Time to light a couple of candles for those we have left behind, before finding a seat.

The enormous cathedral filled quickly with probably about 2000 people. It was a little disturbing to see the ‘beware of pickpockets’ signs – but yes even inside the cathedral, and even during mass there are those who seek to take advantage of a crowd.

The music and ceremony were deeply moving. We were immersed in divine singing and bathed in the light from the stained glass windows. Everywhere wisps of incense caught the light creating shafts of colour.

On a previous stay we rented an apartment in the Marais district on the street that was built to house the workers and artisans who created the stained glass back in the C12th-C13th.

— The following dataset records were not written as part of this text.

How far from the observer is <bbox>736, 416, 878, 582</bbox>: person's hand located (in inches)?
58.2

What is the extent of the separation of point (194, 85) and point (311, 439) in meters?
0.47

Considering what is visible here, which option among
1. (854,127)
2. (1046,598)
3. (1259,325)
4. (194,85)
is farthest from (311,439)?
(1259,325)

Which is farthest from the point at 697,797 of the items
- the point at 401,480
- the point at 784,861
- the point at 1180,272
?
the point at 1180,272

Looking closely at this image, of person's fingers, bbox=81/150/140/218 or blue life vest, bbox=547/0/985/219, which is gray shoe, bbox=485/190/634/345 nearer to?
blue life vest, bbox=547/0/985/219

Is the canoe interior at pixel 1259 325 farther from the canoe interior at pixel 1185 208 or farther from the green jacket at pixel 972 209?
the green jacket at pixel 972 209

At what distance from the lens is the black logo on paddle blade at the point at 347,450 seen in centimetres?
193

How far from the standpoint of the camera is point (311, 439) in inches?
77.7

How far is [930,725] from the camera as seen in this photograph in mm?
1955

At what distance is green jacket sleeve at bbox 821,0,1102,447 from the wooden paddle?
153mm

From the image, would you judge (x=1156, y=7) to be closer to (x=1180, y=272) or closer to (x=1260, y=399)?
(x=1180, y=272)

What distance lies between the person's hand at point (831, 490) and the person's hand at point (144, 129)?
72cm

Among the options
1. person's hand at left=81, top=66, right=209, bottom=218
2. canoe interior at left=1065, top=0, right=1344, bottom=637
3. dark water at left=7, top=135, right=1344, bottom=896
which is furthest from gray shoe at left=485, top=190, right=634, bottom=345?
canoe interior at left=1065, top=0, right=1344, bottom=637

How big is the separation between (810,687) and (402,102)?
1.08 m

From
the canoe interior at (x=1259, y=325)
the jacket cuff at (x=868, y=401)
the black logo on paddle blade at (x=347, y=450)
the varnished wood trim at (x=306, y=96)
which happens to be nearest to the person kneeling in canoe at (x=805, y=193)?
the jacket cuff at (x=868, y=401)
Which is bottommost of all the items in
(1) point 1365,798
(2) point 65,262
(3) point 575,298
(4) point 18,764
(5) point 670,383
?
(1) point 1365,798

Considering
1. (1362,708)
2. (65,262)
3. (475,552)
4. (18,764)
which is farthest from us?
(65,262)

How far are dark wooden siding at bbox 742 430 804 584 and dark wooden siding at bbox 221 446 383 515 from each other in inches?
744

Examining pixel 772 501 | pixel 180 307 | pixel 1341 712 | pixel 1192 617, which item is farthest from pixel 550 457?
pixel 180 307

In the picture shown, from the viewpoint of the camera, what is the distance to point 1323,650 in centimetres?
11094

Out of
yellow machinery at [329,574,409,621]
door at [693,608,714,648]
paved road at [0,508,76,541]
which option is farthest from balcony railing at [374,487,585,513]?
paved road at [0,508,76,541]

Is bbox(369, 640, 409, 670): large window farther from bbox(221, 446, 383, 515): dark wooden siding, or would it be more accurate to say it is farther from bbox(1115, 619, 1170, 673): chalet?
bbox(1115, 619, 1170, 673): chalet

Musée Delacroix is just around the corner, so we headed up to check it out. He was a very expressive painter and a leader in the French Romantic movement. His loose brushwork and vibrant use of colour pre-figured the impressionists that came a generation later. It is a small apartment with adjoining studio and garden, and well worth an hour or so. It was interesting to see how he set up a scene with people dressed in exotic Moroccan dress and invited his fellow painters over to tackle the scene in paint. There are photos too of these scenes. To see artists like this use the latest in technology to enhance their art was well worthwhile.

When photography came along, there were real questions about the role of painters now that accurate images could be captured by camera in minutes, rather than captured over days and even months in the case of oils. From this tension -known as the ‘crisis of representation’ – came a rethinking of the role of art to capture the emotional and inner psychological reality, rather than just painting a scene or portrait. Painting and drawing is still a way of looking at and perceiving the world.

We walked up to the Tuileries gardens in the afternoon to sketch the Musée du Louvre. As the weather closed in we called it quits with the under-drawing done, to be inked later and toned in with aquarelle graphite.

It was time for dinner in the Latin quarter once again.